Presiden SBY dalam visi misinya ketika kampanye capres 2009 mengedepankan strategi pembangunan inklusif yaitu pemerataan akses dan aset pembangunan.
"Tetapi kenyataannya justru yang terjadi adalah pemusatan aset yang ditunjukkan oleh tingkat kesenjangan (gini ratio) yang semakin tinggi," kata Arif di Jakarta, Kamis.
Ia menilai, dari sisi aset, tahun 2004 ketika Presiden SBY baru mulai berkuasa angka gini ratio 0,32 dan 20 persen masyarakat berpendapatan tertinggi menguasai 40 persen pendapatan nasional.

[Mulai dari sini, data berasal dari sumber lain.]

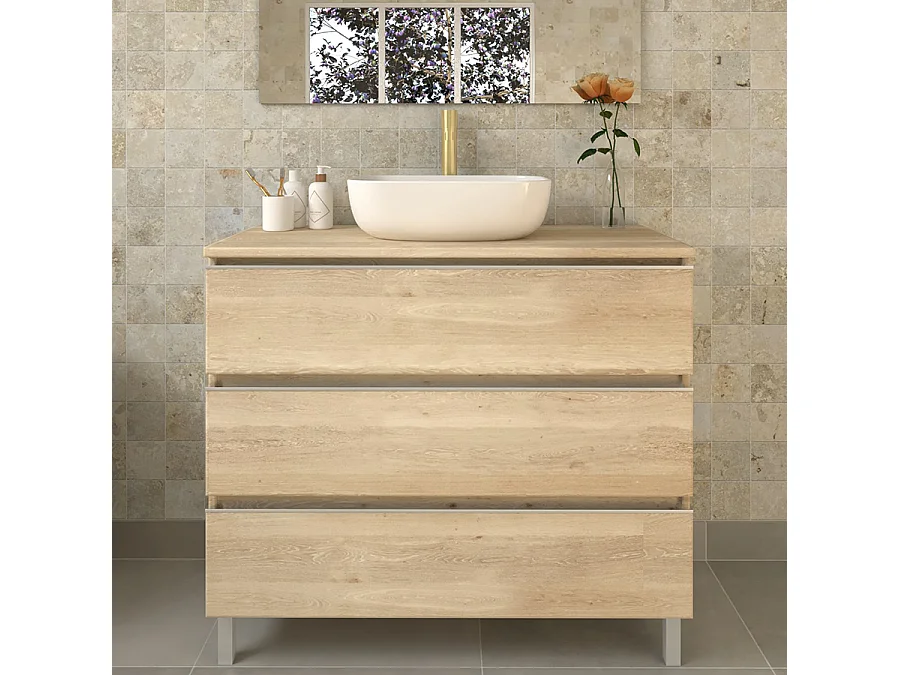 Meuble de salle de bain 3 tiroirs avec vasque à poser arrondie et miroir avec applique PALMA - Bambou (chêne clair) - 100cm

"Kini gini ratio 0,41 dan 20 persen masyarakat berpenghasilan tertinggi menguasai 48 persen pendapatan nasional," kata Arif.
Dari sisi akses, tambahnya, juga terjadi penurunan karena pada tahun 2010 sebesar 1 persen pertumbuhan mampu membuka 567 ribu lapangan kerja baru, maka tahun 2012 berkurang hampir 300 persen yaitu menjadi 178 ribu lapangan kerja per 1 persen pertumbuhan.
Dari sisi lain pembangunan inklusif juga mensyaratkan adanya akses stabilitas ekonomi rumah tangga yang ditunjukkan oleh stabilitas harga kebutuhan pokok dasar masyarakat.
"Tetapi justru harga-harga tersebut meningkat dengat pesat malah ada yang mencapai dua kali lipat dibandingkan dengan harga pada tahun 2009 seperti misalnya harga daging," kata Arif.
Kebijakan fiskal yang selama 5 tahun terakhir ini cenderung ekspansif yang ditunjukkan dengan defisit APBN yang semakin membesar dan utang yang meningkat ternyata semakin menjauhkan partisipasi masa rakyat dalam pembangunan.
"Untuk itu kebijakan fiskal perlu dikonsolidasikan kembali sesuai amanat konstitusi agar makna pembangunan inklusif yang pernah didengung-dengungkan itu bukanlah hanya jargon kampanye semata," ungkapnya.